◆ TASK PROMPT
Reproduce the listing below word for word and exclude any picture.

____ MATERIAL SUPPLIED

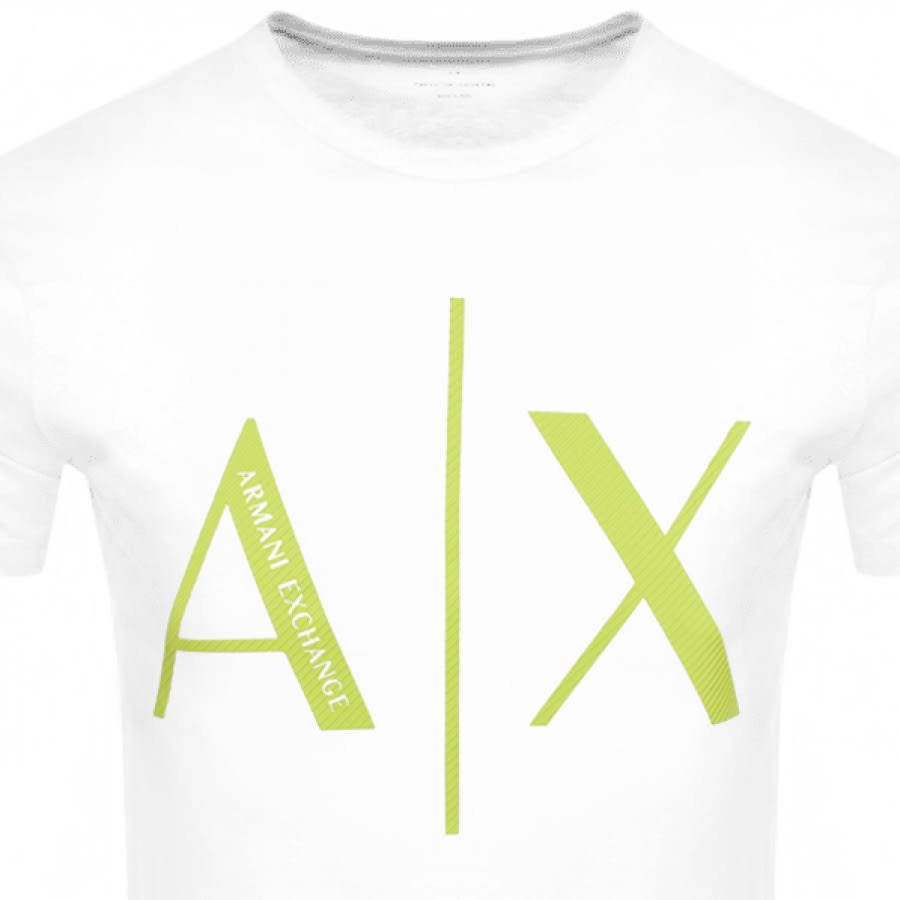 Alternative Image for ProductArmani Exchange Crew Neck Logo T Shirt White2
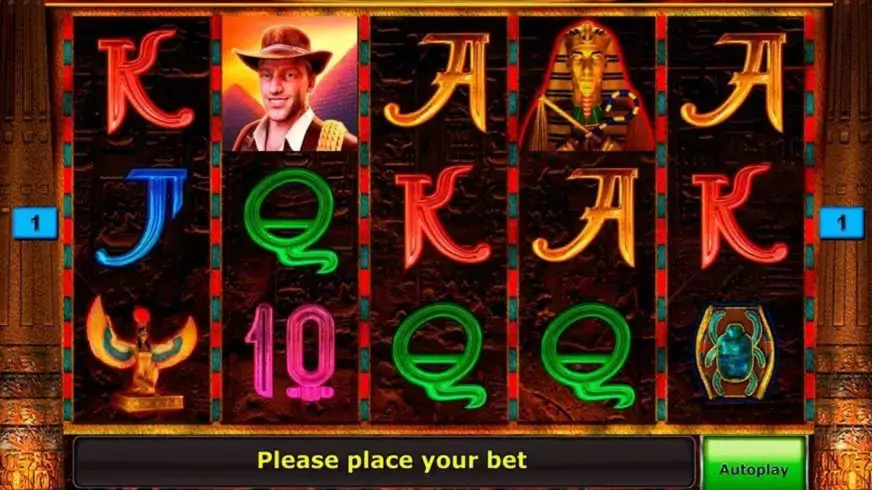 Book of Ra Deluxe slot screenshot 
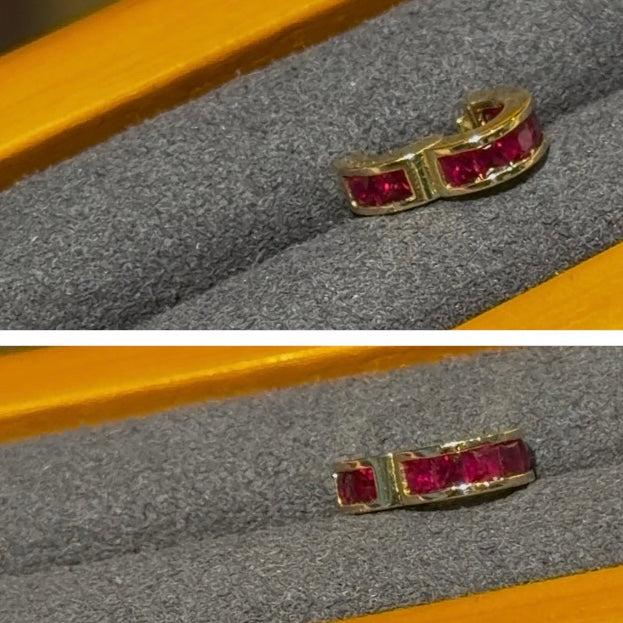 K18YG ツァボライト ルビー サファイア バチカン ネックレスチャーム ペンダント 18k スルー 開閉 パーツ ジュエリーパーツ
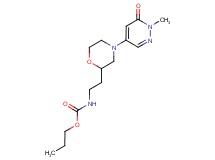 propyl {2-[4-(1-methyl-6-oxo-1,6-dihydro-4-pyridazinyl)-2-morpholinyl]ethyl}carbamate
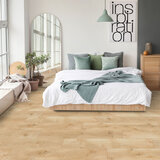 Lifestyle image of flooring in bedroom setting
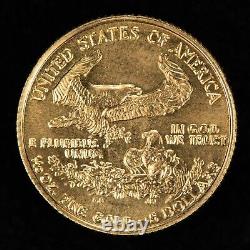 1986 G$5 1/10 Oz Gold American Eagle Coin Basse Mintage Sku-g1140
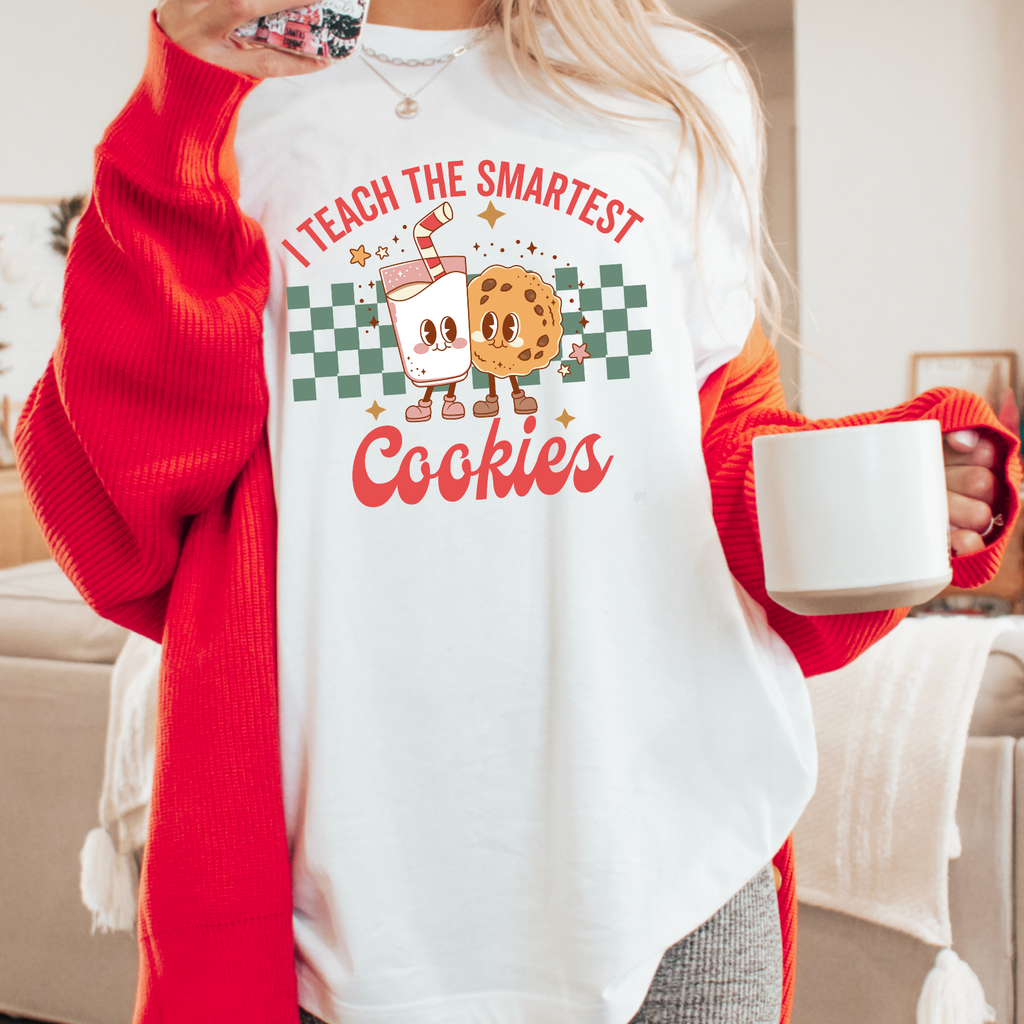 I Teach the Smartest Cookies Christmas Gildan Graphic - Adult & Kids T-Shirts, Sweatshirts & Hoodies apparel design preview 1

________

◆ SOLVED PROBLEM
 Alternative Image for ProductArmani Exchange Crew Neck Logo T Shirt White2
 Book of Ra Deluxe slot screenshot 
 K18YG ツァボライト ルビー サファイア バチカン ネックレスチャーム ペンダント 18k スルー 開閉 パーツ ジュエリーパーツ
 propyl {2-[4-(1-methyl-6-oxo-1,6-dihydro-4-pyridazinyl)-2-morpholinyl]ethyl}carbamate
 Lifestyle image of flooring in bedroom setting
 1986 G$5 1/10 Oz Gold American Eagle Coin Basse Mintage Sku-g1140
 I Teach the Smartest Cookies Christmas Gildan Graphic - Adult & Kids T-Shirts, Sweatshirts & Hoodies apparel design preview 1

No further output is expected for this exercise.